Mimicking vintage hardware like the AY-3-8910 (arcade games), POKEY (Atari 400/800) and the legendary MOS Technology SID (Commodore 64), Chipsounds plugs into apps such as Logic Pro and GarageBand. According to the blurb, musicians can even use the same "abusive" technical tricks that gave the original machines a creative lifespan far beyond their commercial shelf lives.
Most extant emulators fall short of perfection, leading chiptune musicians to do it the hard way, hand-programming ancient hardware or buying expensive recreations.
"Emulators are usually a taste of what you are trying to achieve," they wrote in an email. "For instance, SIDplay is an emulator that plays Commodore 64 game tunes without having to load the game to hear the music. … Although it sounds a lot like a real C64, it's missing a lot of subtle nuances the SID chip is known for, such as the phat analogue style filters and warmth."
Chipsounds, however, nails it: "We couldn't believe how good the emulations were for the chips," said Seth.
Viens, whose favorite chip is Atari's TIA ("Raw, powerful, can make awesome basses and leads"), says that his interest in music and sound began at a young age: a VIC-20 and a Colecovision were his first platforms.
"Another lucky kid on the block had a C64, and I remember I brought a tape recorder in order to record the sound and music it made, so that I could convince my dad how good it was, to help my case."
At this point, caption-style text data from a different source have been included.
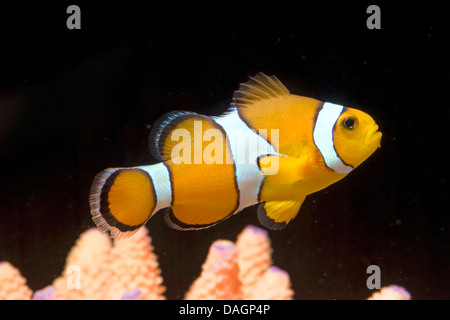 Poissons Clown, Clown Orange poisson clown (Amphiprion percula), nage au-dessus coral Banque D'Images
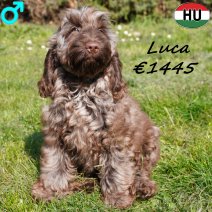 Cockapoo Luca 081125 M(BE8721) 230326.jpg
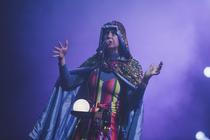 Superorganism 1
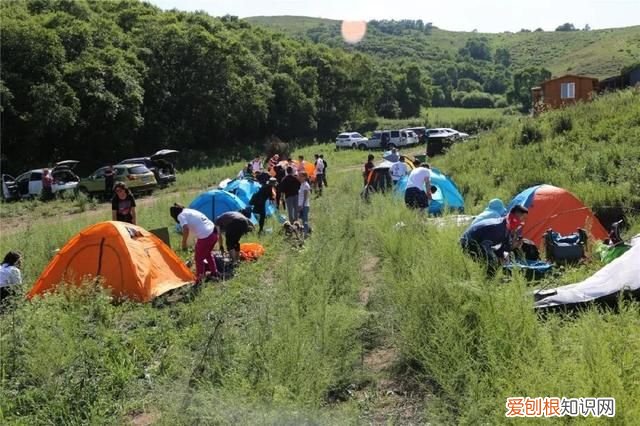 野炊、露营、星空，这才是夏天最正确的玩法 野炊露营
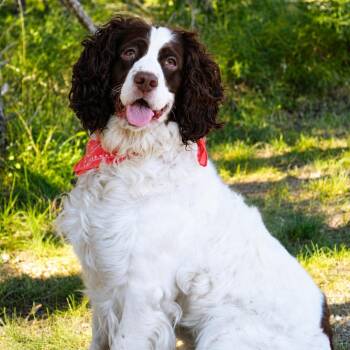 Bambi -  English Springer Spaniel and Spaniel Dog for Adoption in Grayling, Michigan - Bambi | PetCurious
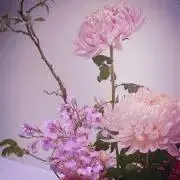 美桜の画像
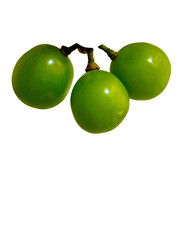 Three Ripe Green Seedless Grapes on Stems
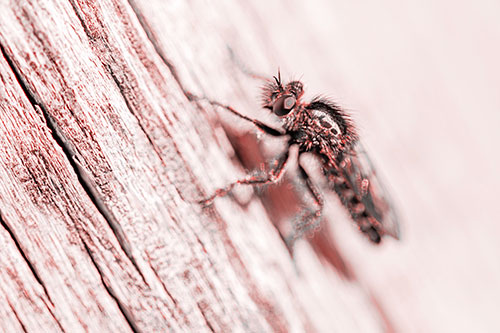 Robber Fly Perched Along Sloping Tree Stump (Red Tone Photo)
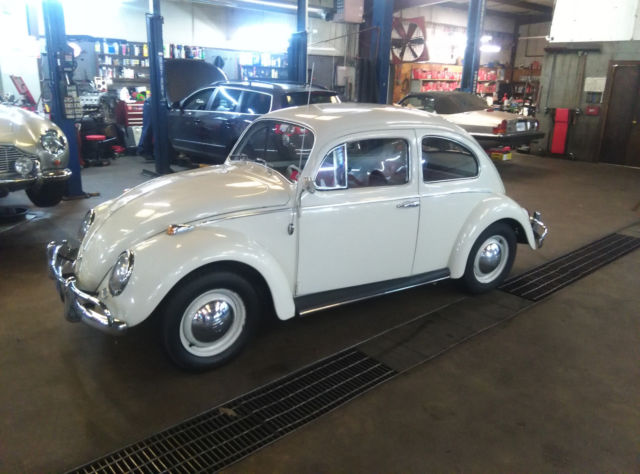 1964 Volkswagen Beetle - Classic - photo 13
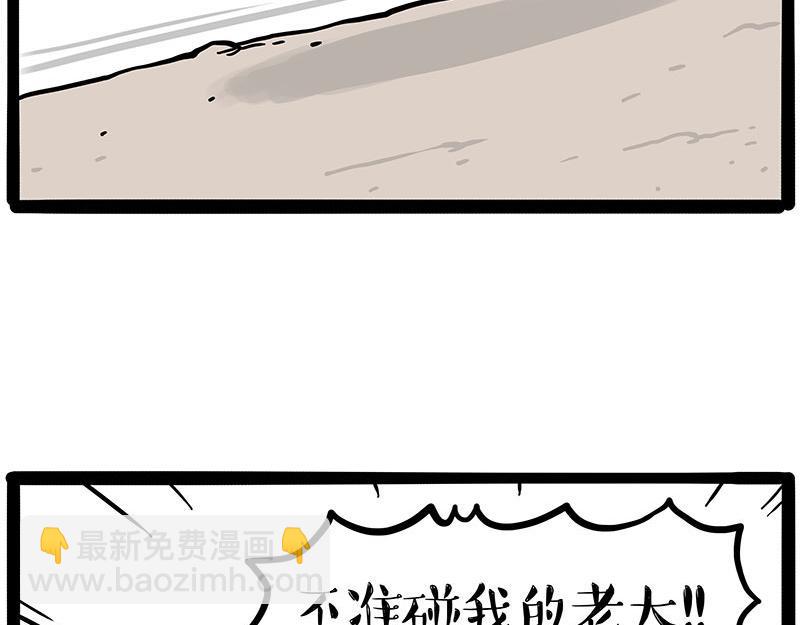 🍘吾皇巴扎黑 第446话 真相 第13页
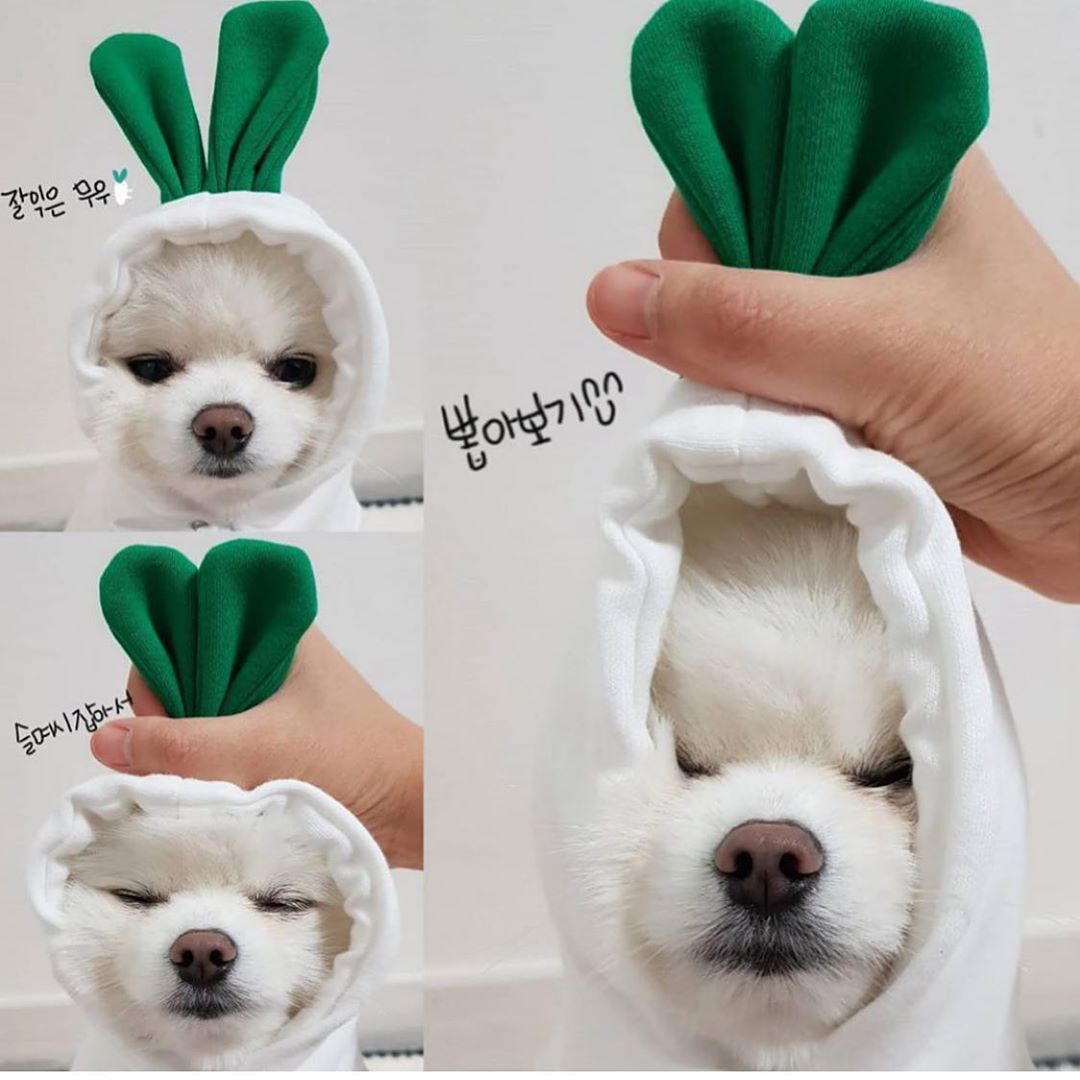 Pet Clothing Puppy Cat Costume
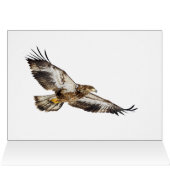 Aigle à tête blanche juvénile (Intérieur Horizontal (Haut))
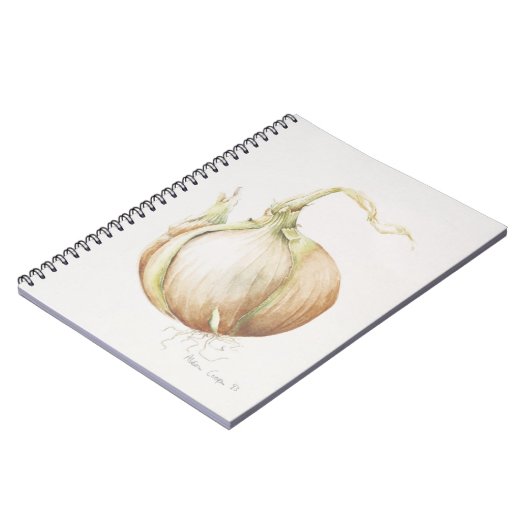 Carnet Étude 1993 d'oignon (Côté gauche)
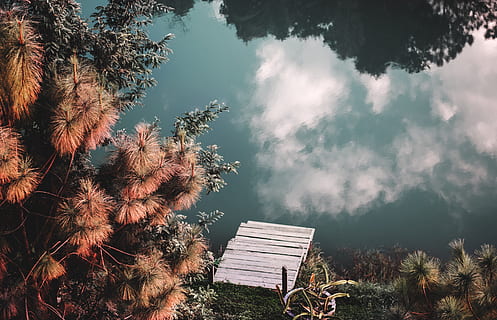 trees, Dock, Lake, Pond, Reflection, Shoreline, Tree, autumn, flow, mirror, nature, pier, river, steps, water, wild, plant, sky, no people, cloud - sky, day, outdoors, tranquility, beauty in nature, growth, sunlight, low angle view, land, landscape, non-urban scene, built structure, grass, environment, 2K, CC0, public domain, royalty free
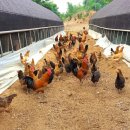 황실 토종닭 이미지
With two other computer science grads at the Université de Montréal, he founded Plogue in 2000 to develop experimental music software. Bidule, which lets the musician hook sound-making modules together with a tentacular mass of virtual cables, was popular enough to encourage them quit successful day jobs as programmers. They soon scored contracts in the industry, allowing them to "indulge" the sound of classic gaming: trawling eBay and yard sales, buying old music-related cartridges for obsolete game consoles, and building DIY synths with whatever could be found.
Viens, however, found that the clunky hardware worked at odds with his inspiration: "The logic/geek part of the brain and the musically inspired one are very separate." Dissatisfied with existing emulators' poor rendering and poor Mac support–not to mention the fact that no-one had yet attempted to analyze and emulate some classic audio chips–they set about developing Chipsounds.
Freeing musicians from having to acquire, set up and program vintage hardware is no mean feat. To emulate integrated circuits, Viens would mount original chips on breadboard, develop custom software to send the commands they understand, and then sample the output at 192Khz 24-bit PCM audio.
The samples were then analyzed to uncover the mathematical models that generated them. Though the same technique as used by many others, Viens said that the usual focus on game emulation results in variable quality. Chipsounds represents the first time a whole set of chips has been emulated by a team of"sound maniacs."
But it's still not perfect in every respect. Each console has its quirks and secrets, and the most difficult to model was the SID chip.
"I can't say that our emulation of it is perfect, but we hope to get it there one day. It's like this great mystical quest."
To non-fans, that "mystical" element may seem at odds with the music's superficial primitiveness. Part of the appeal comes from its clarity, its uncompromising electronic purity. Musicians also enjoy how chip music's limitations force them to focus on the basics, like melody and structure. But it's also fed by nostalgic memories of childhood, of hours spent bathed in square waves and glowing phosphors.
"Thats why many chiptune/micromusic artists tend to gravitate toward one machine to do their music with," said Seth. "It tends to be the one they grew up with. … Many young people today had never been exposed to the lo-fi glory that is 8 bit chip music. To the new generation, these are raw, almost punk-esque soundscapes that they are just discovering."
Chipsounds is $95 and available from the product page.